Nearly eight in ten companies have deployed generative AI in some form. Yet roughly the same proportion say it has made no material difference to their bottom line.
This “gen AI paradox” is caused by an imbalance between easy-to-deploy use cases and the more complex, high-value ones.
Most organizations have rolled out employee copilots, but often these only deliver siloed benefits to specific users. Higher-impact vertical- and function-specific use cases rarely make it out of pilot phase – often held back by technical, organizational, data, and cultural barriers.
Part of the problem is that organizations are layering AI on top of existing ways of working, rather than redesigning workflows around how humans and AI should collaborate. That redesign is what unlocks end-to-end transformation – and, ultimately, value.
From assistance to execution: how agentic AI unlocks value
This is where agentic AI comes in.
Agents don’t wait to be asked. They reason, plan, and act across systems – handling multi-step processes without needing human approval for every decision. This shift from “AI as assistant” to “AI as executor” is where real commercial impact begins to show.
One of the clearest areas of value is marketing and sales. Some Fortune 250 companies have reported campaign creation and execution speeds increasing fifteen-fold. It’s more than just automation – it’s a reallocation of work between humans and agents across the campaign process.
As companies introduce agents into the marketing mix, the focus shifts to redesigning workflows end-to-end – across teams, data, systems, and agents – so they operate in unison. With the right structure and discipline, agents can act, decide, and collaborate with human oversight.
That’s when results become tangible: predicting shifts in customer sentiment, triggering outreach before a customer calls, and resolving cases pre-emptively with personalized offers.

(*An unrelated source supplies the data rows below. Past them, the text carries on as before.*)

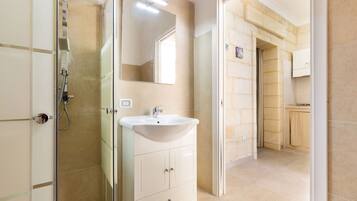 Haartrockner, Handtücher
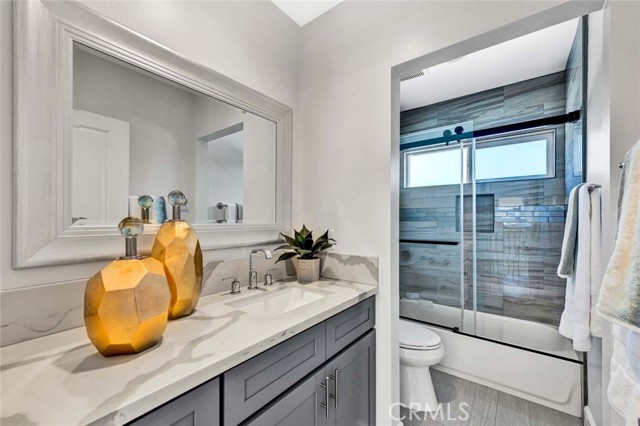 MLS #OC25175517 image #34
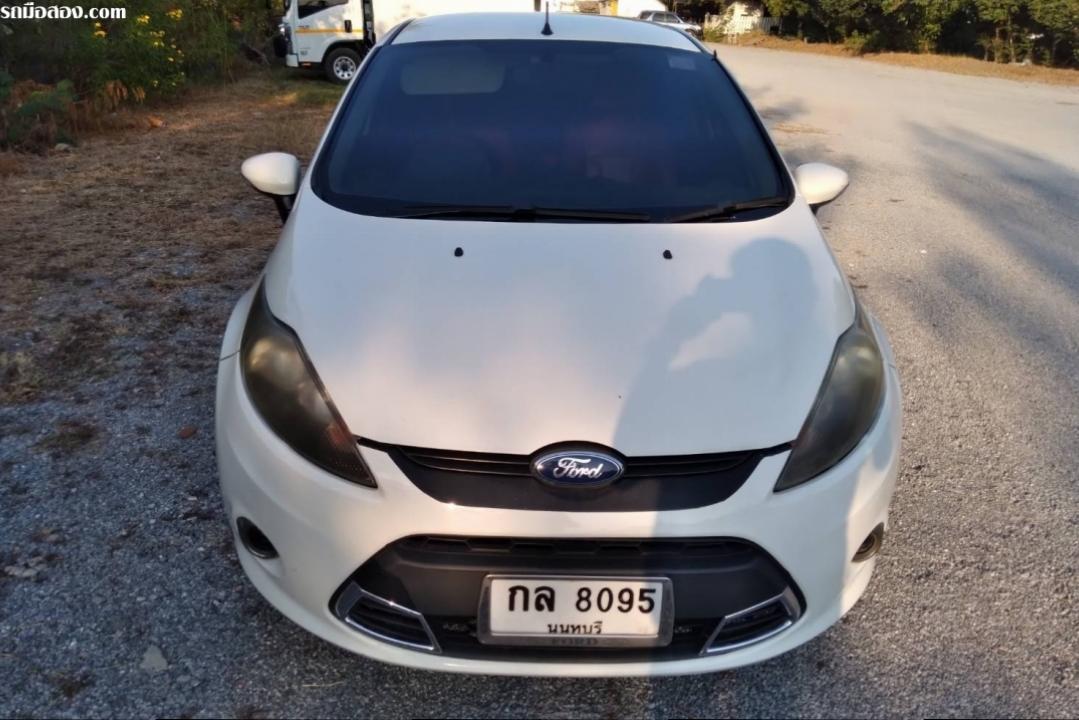 FORD FIESTA มือสอง สีขาว ปี 2012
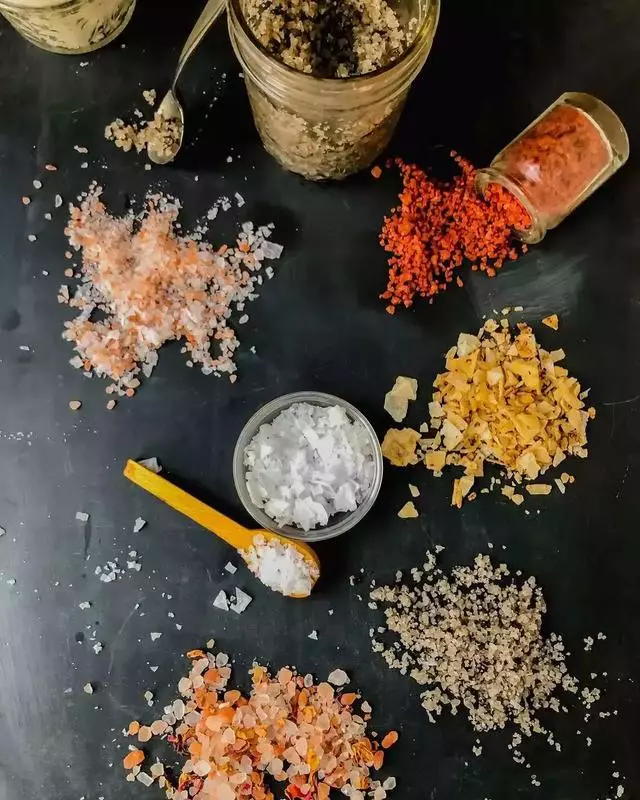 為什麼中餐鹽幾乎只有一種,西餐的鹽卻紅、黑、綠、藍什麼都有?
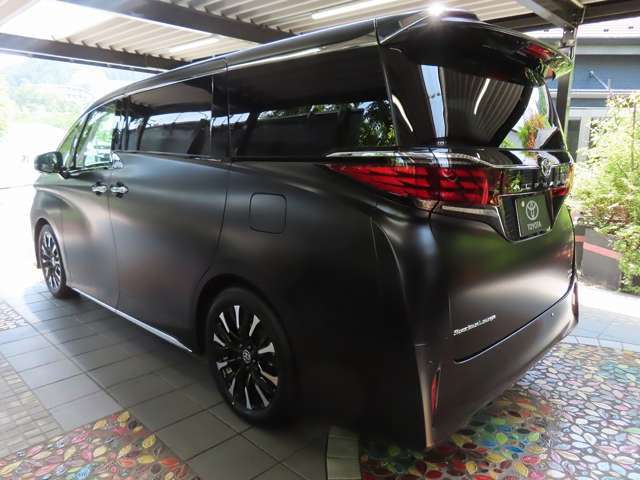 ■高度先進運転技術テクノロジーアドバンスドパーク（AdvancedPark・遠隔操作インテリジェントパーキングサポート機能・アニメーショングラフィック操作）■PKSBパーキングサポートブレーキシステム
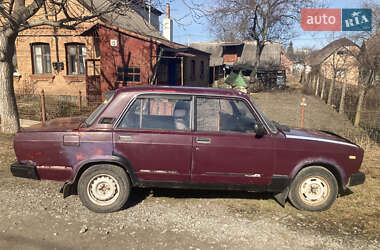 Седан ВАЗ 2107 1983 в  фото 3 Седан ВАЗ 2107 1983 в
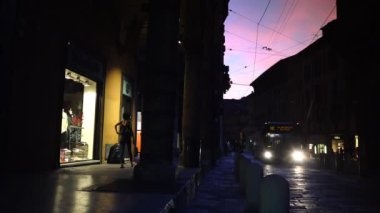 Bologna, İtalya - 2018 yaklaşık: Bologna ve iki kule Torri Garisenda ve Torri Asinelli meydanı Piazza di Porta Ravegnana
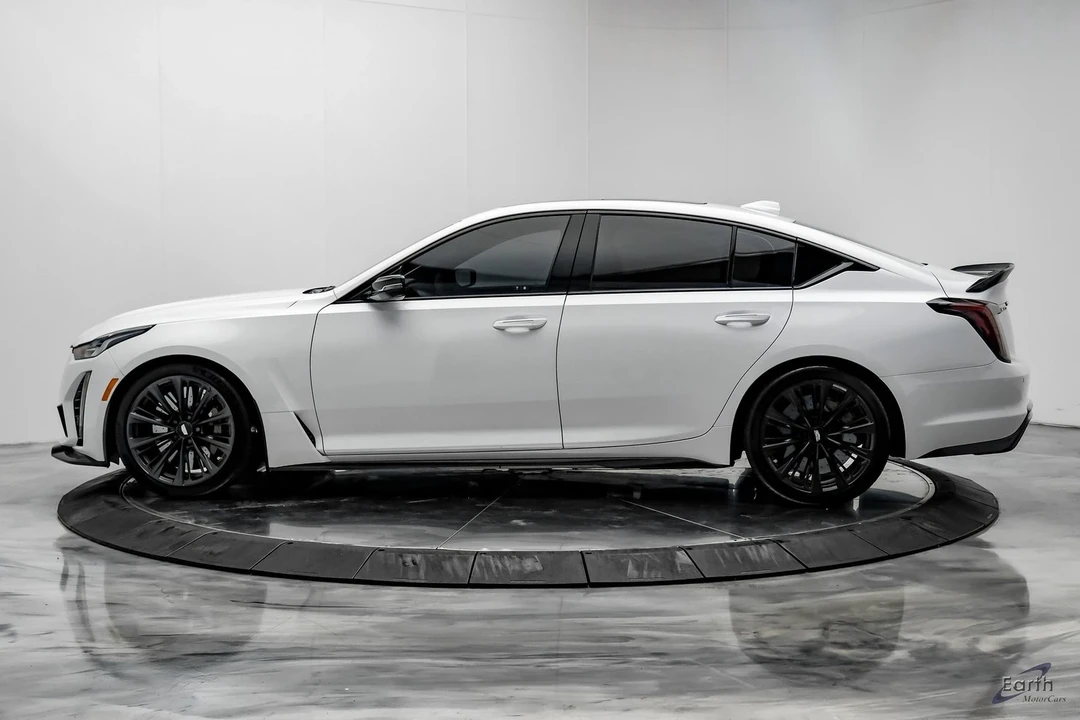 2022 Cadillac CT5-V Blackwing - Image 5 of 12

For instance, one European insurer re-architected its commercial model around a connected network of agents in just sixteen weeks. As part of the project, AI went from reviewing three percent of sales calls to automatically reviewing 95 percent.
It’s a great example of the internal transformation story: agentic AI as the execution layer that turns gen AI’s promise into operational and revenue impact.
The consumer behavior imperative
But there’s a second shift underway – one that is less within a company’s control. While businesses are still working out how to deploy agents internally, consumers have already started using them externally.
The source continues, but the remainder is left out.